WHAT IS EXPECTED: Transcribe the lines from the start of the data below through the line with "Brahma Naga amulet", word for word and nothing more.

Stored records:
━━━━━━

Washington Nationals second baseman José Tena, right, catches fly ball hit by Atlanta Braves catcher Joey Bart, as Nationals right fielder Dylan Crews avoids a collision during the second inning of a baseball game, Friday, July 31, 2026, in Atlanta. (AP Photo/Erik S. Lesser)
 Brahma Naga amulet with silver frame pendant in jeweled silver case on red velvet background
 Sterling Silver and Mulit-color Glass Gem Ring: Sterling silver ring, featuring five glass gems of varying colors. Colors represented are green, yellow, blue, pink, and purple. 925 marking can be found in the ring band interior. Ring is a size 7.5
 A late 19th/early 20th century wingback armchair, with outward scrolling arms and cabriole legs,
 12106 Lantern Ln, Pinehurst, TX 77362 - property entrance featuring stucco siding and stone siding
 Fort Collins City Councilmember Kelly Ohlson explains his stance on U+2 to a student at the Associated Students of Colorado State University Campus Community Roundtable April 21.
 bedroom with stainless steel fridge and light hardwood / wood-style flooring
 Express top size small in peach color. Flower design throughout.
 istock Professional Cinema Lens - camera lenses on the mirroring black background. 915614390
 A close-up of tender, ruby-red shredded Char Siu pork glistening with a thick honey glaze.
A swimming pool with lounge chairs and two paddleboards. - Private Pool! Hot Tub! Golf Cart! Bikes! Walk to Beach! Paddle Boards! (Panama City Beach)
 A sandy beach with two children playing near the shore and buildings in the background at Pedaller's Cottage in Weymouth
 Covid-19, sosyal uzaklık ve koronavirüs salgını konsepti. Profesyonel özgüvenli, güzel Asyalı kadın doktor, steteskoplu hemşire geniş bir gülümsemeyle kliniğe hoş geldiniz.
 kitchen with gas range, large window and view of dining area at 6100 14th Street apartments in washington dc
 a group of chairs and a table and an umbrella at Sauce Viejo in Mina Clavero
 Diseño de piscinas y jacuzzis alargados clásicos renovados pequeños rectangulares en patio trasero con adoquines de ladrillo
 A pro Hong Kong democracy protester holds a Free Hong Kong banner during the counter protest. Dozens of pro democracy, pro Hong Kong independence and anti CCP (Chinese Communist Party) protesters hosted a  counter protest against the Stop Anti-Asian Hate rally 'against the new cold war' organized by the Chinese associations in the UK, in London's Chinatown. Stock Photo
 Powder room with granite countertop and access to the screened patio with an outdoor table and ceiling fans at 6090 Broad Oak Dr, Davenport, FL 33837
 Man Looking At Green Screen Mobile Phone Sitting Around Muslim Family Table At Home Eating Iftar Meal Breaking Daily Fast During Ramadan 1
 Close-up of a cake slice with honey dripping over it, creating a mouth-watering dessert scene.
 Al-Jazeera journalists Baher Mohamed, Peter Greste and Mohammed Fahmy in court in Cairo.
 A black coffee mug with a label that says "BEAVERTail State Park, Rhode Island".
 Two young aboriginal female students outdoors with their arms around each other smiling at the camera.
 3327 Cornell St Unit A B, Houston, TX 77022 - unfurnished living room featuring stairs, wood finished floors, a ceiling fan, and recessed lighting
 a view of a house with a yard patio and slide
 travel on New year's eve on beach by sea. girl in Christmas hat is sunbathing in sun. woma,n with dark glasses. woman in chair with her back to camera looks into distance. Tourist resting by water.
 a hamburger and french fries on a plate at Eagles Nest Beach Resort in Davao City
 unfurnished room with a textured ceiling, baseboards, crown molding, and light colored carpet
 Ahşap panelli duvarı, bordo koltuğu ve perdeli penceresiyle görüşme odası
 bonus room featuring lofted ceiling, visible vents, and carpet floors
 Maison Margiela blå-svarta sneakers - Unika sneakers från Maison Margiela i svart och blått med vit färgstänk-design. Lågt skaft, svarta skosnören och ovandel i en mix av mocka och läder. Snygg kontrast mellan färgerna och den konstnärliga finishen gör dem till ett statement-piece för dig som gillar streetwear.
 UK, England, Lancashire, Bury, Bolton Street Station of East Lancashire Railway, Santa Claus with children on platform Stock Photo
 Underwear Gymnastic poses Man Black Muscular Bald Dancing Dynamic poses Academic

━━━━━━

WRITTEN RESPONSE:
Washington Nationals second baseman José Tena, right, catches fly ball hit by Atlanta Braves catcher Joey Bart, as Nationals right fielder Dylan Crews avoids a collision during the second inning of a baseball game, Friday, July 31, 2026, in Atlanta. (AP Photo/Erik S. Lesser)
 Brahma Naga amulet with silver frame pendant in jeweled silver case on red velvet background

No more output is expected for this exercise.